Out West Arts: Performance at the end of the world

Opera, music, theater, and art in Los Angeles and beyond

Variations

January 29, 2007

 
Steve Reich with Grant Gershon and members of the LAMC
Photo: mine 2007

Birthday mania continued in LA this weekend with our local installment of the celebrations for Steve Reich’s 70th. Reich had a tribute of sorts last year in a program solely of his work during the LA Philharmonic’s Minimalist Jukebox events. This time around, it was the Los Angeles Master Chorale’s turn to pay their respects and they did so with excellent performances of two of Reich's major recent works. First up was You Are (Variations) a piece commissioned and first performed by the LAMC in 2004. The other half of the program featured the West Coast Premiere of Daniel Variations, Reich’s tribute to slain journalist Daniel Pearl. The works were each paired with shorter motets by Josquin des Prez and William Byrd to help denote influences on Reich’s work as a composer.

These are two magnificent pieces and the Daniel Variations washes over with both joy and sadness simultaneously not unlike memory itself.

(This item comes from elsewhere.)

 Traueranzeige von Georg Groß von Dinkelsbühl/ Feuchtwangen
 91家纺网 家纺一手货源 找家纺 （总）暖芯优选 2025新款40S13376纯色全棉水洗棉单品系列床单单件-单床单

These beautiful settings of brief texts from the Book of Daniel and expressions spoken by or associated with Pearl are moving. They work amazingly by managing to incorporate both the personal and political in a single text without overwhelming the whole. There are clear references to terrorism but the piece remains tied to more universal themes. The motets were a nice compliment and the Chorale was in excellent form showing off their own new music chops.

However, as always, the LAMC can’t resist the urge to undercut itself and so it was again last night. The biggest problem was (surprise) the amplification. The singers and orchestra were so over-amplified during the first half of the program in the beautiful but unforgiving acoustics of the hall that the whole thing became a shrill screech at higher volumes where I was sitting. While the LAMC has a great reputation and is intimately involved with new music and challenging programming, it constantly seems to bend over backwards to dumb things down to the lowest common denominator. Sing-along Messiahs, odd on-stage choreography, and awful program notes continue to make their operation seem less than serious. One particular pet peeve of mine is the atrocious and inane writing of Victoria Looseleaf who regularly contributes to the program notes for the LAMC as well as freelance material for the LA Times and other outlets. In last night's program she offers this commentary about Josquin des Prez, "Consdered the greatest music maker of the high Renaissance, he was also willful and expensive to commission -the Usher of his day- ..." Apparently Looseleaf thinks the average audience member for the LAMC can't get their heads around "willful" and "expensive to commission" without a reference to a current-day R&B heartthrob.

The good news is that many of these issues are cosmetic and relatively easy to ignore and, with program's like this one, it is easy to love the LAMC.